Extract audio track from video file and save as MP3.
Args:
input_file: Path to input video file
output_file: Path for output MP3 file
"""
ffmpeg_cmd = [
'ffmpeg', '-i', input_file,
'-vn', '-acodec', 'libmp3lame', output_file
]
try:
subprocess.run(ffmpeg_cmd, check=True)
print(f"Extracted audio from {input_file} to {output_file}")
except subprocess.CalledProcessError as e:
print(f"Processing failed: {e}")
def speech2text(audio_file):
transcriber = pipeline(
task="automatic-speech-recognition",
model="openai/whisper-medium"
)
result = transcriber(audio_file)
return result
def main():
parser = argparse.ArgumentParser(description="Video to Text Conversion")
parser.add_argument("--video", "-v", type=str, help="Input video file path")
parser.add_argument("--audio", "-a", type=str, help="Output audio file path")
args = parser.parse_args()
print(args)
extract_audio(args.video, args.audio)
result = speech2text(args.audio)
print("Transcribed text:\n" + result["text"])
if __name__ == "__main__":
main()
Usage
python video2text.py --video input.mp4 --audio output.mp3
The pipeline first extracts audio using FFmpeg, then passes the audio file to Whisper for transcription.

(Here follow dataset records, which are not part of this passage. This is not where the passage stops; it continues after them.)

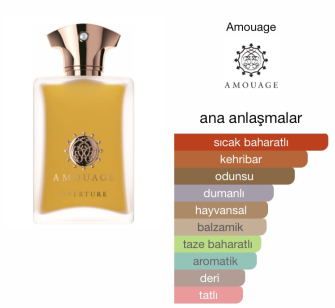 Amouage Overture Man Edp 100 ml Erkek Tester Parfüm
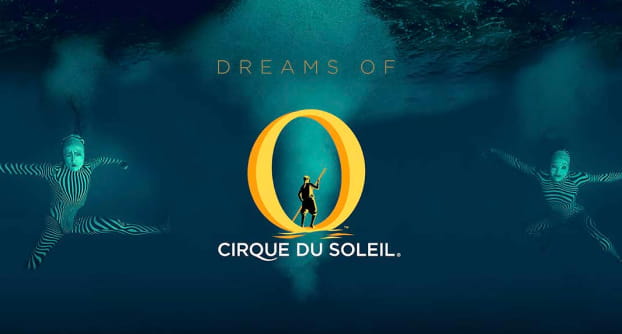 circo del sol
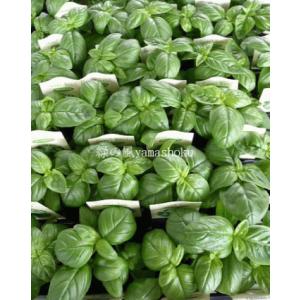 バジル苗の商品一覧 通販 Yahoo ショッピング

The final output contains the textual representation of all speech detected in the video.
API Deployment
For production deployments, wrap the pipeline with FastAPI:
from fastapi import FastAPI
app = FastAPI()
@app.post("/transcribe")
async def transcribe_video(video_path: str):
audio_path = "temp_audio.mp3"
extract_audio(video_path, audio_path)
result = speech2text(audio_path)
return {"text": result["text"]}
Output Format
The Whisper model returns a dictionary:
{"text": "transcribed content here", ...}
The transcribed text can then be fed into large language models for summarization, question answering, or other downstream NLP tasks.
Architecture Summary
Video File → FFmpeg Audio Extraction → MP3 File → Whisper ASR → Text Output → LLM Processing
This two-stage architecture separates concerns effectively: FFmpeg handles multimedia processing while Whisper focuses on speech recognition. Both components are well-established, production-ready tools with extensive community support.